• Given records
-=-=-
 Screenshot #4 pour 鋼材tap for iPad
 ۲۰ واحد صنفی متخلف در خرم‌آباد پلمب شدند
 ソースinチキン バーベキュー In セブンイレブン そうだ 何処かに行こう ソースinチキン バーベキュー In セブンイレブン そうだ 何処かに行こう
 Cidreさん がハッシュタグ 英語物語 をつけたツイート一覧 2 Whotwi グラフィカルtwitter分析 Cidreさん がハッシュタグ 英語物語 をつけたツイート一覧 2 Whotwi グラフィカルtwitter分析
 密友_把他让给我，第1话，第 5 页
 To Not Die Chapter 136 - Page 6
-=-=-
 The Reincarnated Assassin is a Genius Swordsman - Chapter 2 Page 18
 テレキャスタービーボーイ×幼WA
-=-=-
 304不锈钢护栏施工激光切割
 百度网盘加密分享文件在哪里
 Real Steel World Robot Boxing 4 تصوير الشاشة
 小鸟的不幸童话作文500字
-=-=-
• Task instructions
Using the material above, transcribe exactly the lines from the line with "Cidreさん がハッシュタグ 英語物語 をつけたツイート一覧 2 Whotwi グラフィカルtwitter分析 Cidreさん" to the line with "To Not Die Chapter 136 - Page 6"; both count, and nothing else goes in.

• Response for this exercise
 Cidreさん がハッシュタグ 英語物語 をつけたツイート一覧 2 Whotwi グラフィカルtwitter分析 Cidreさん がハッシュタグ 英語物語 をつけたツイート一覧 2 Whotwi グラフィカルtwitter分析
 密友_把他让给我，第1话，第 5 页
 To Not Die Chapter 136 - Page 6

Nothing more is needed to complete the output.